Primal Jaimal rocks hard for happiness.
Thursday, September 23, 2004
While servers at The Fish Hopper Restaurant rush about, Jaimal Lovitt, frontman for the Santa Cruz rock trio Primal Jaimal, sings the lyrics to a handful of his band’s songs, including “Shit” and “Hole in My Head,” over lunch. At times he adds a little air guitar.
A middle-aged tourist couple wanders over and asks what’s going on at our table. We reply that Lovitt is a musician, and I am interviewing him for an article.
“We just had to ask,” the man says.
“He’s very enthusiastic,” the lady says, before the two walk off with big smiles on their faces.
While onstage, Lovitt is very enthusiastic too.

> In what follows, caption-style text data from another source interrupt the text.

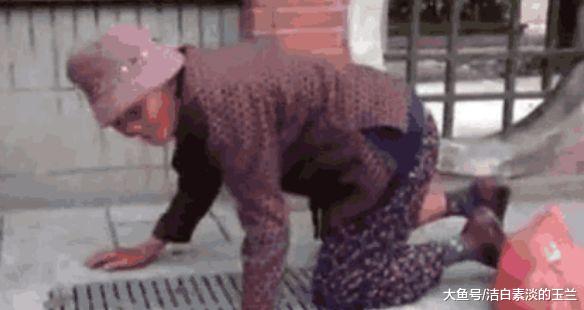 年迈老太太趴在下水井盖旁将食物往里放，上前看清后打119了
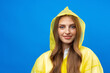 Young blonde woman wearing yellow raincoat smiling at camera over blue background in studio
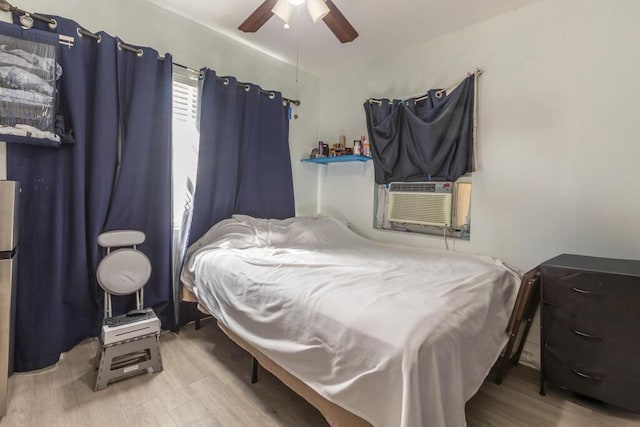 bedroom featuring cooling unit, ceiling fan, and light wood-type flooring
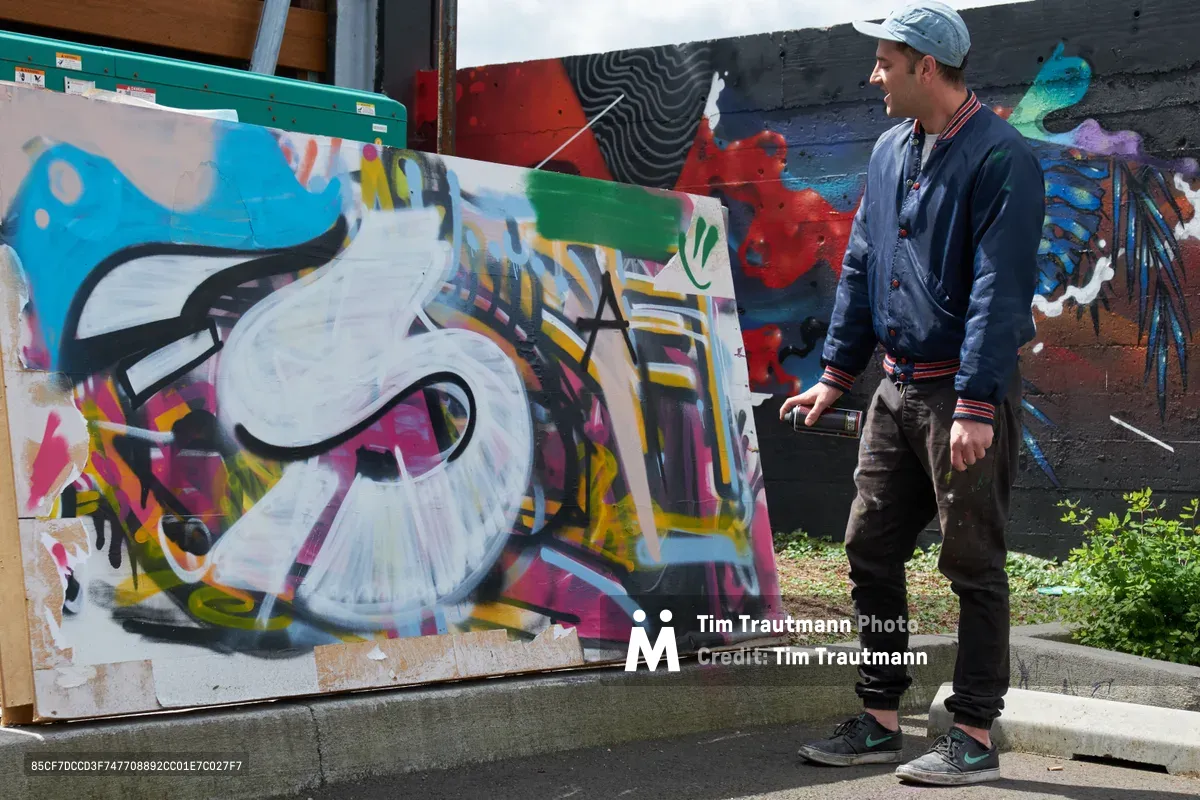 Galen Malcolm demonstrates spray painting techniques during a Portland Street Art Alliance tour at the Taylor Electric Blocks in southeast Portland's Hosford-Abernethy neighborhood. The artist, wearing a navy bomber jacket and gray cap, works on a vibrant piece featuring bold letterforms in blue, white, and pink against a colorful mural backdrop. Afternoon light illuminates the industrial setting where creative expression transforms urban walls into dynamic canvases.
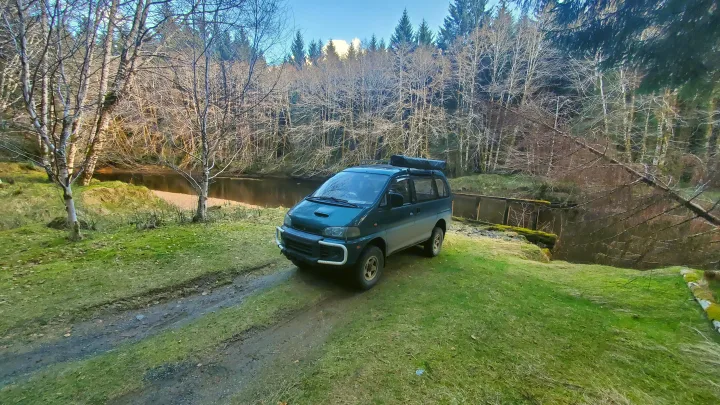 Teal 4x4 camper van parked by a river in a forest, ready for an rv rental adventure in the wilderness.. MITSUBISHI Delica 1997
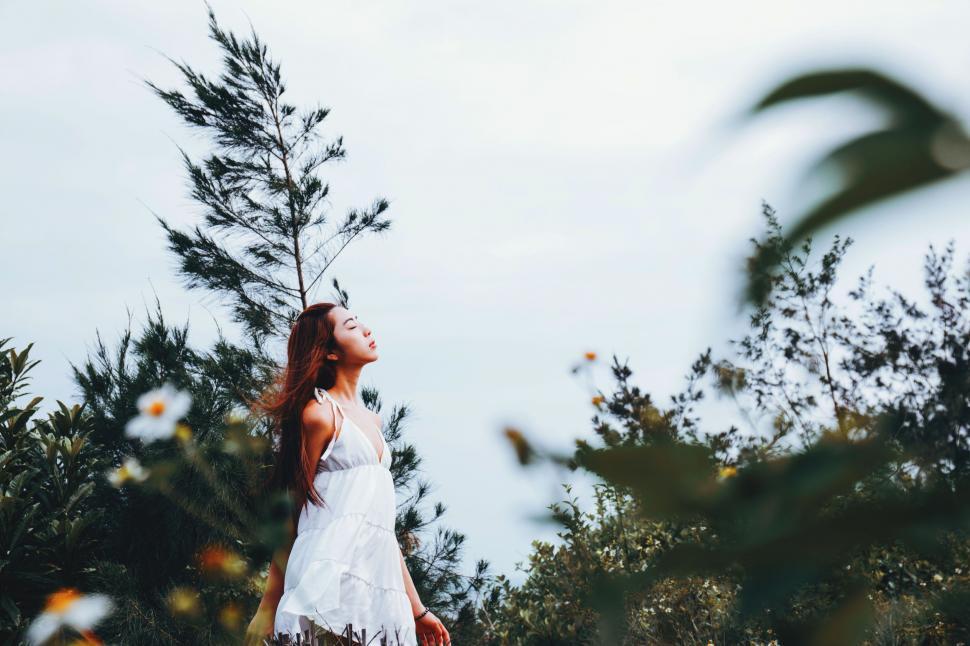 Free Image of Woman in White Dress Standing in Field 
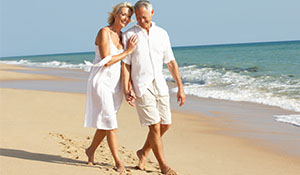 A couple walking on the beach shore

At a recent Lava Lounge gig, where his band was competing in the Monterey Battle of the Bands, he played a Hendrix-style “Star Spangled Banner” before launching into an original called “She’s My Baby.” Most of the people in the club were present to support local rockers Plaster and Bullettooth. Lovitt seemed oblivious to this fact and played his guitar with his teeth.
Wearing an orange vest over his bare chest and sporting a large, metal cross, Lovitt played an impressive guitar solo while his bandmates—drummer Jake McCuen and bassist Sean Thyer—kept their heads down and the song on track.
Lovitt casually introduces a tune by saying “this is a song about drugs.” Later, at the Fish Hopper, he explains that it’s an anti-drug song. Lovitt says that at one time a handful of his friends were caught in the downward spiral of drug abuse. Lovitt, also a classical pianist, says that he was an alcoholic when he started to play guitar in 1998.
To illustrate, Lovitt pulls out his driver’s license, where he looks like a stocky jock with a shaved head. The talented musician, currently a skinny, tall bundle of upbeat energy with long, dark hair, describes the bad times when his group formed. “The chick left me,” he says. “The dog died. The truck broke down.”
But now Lovitt is clean and sober and focused on his music. He says Primal Jaimal is about steering people from negative influences towards happiness. “If people are meant to have a good time, then we should be famous,” he says.
Primal Jaimal will soon release its debut CD, Kick ‘Em in the Nuts. A rough mix shows a promising combination of Misfits-style primitive punk and virtuoso guitar work.
After lunch, Lovitt drops me off in front of the Weekly’s office. Before leaving he has some advice for me. “Screw the negativity,” he says with a big smile on his face. “Kick ‘em in the nuts, man.” While he pulls away, it is impossible not to smile.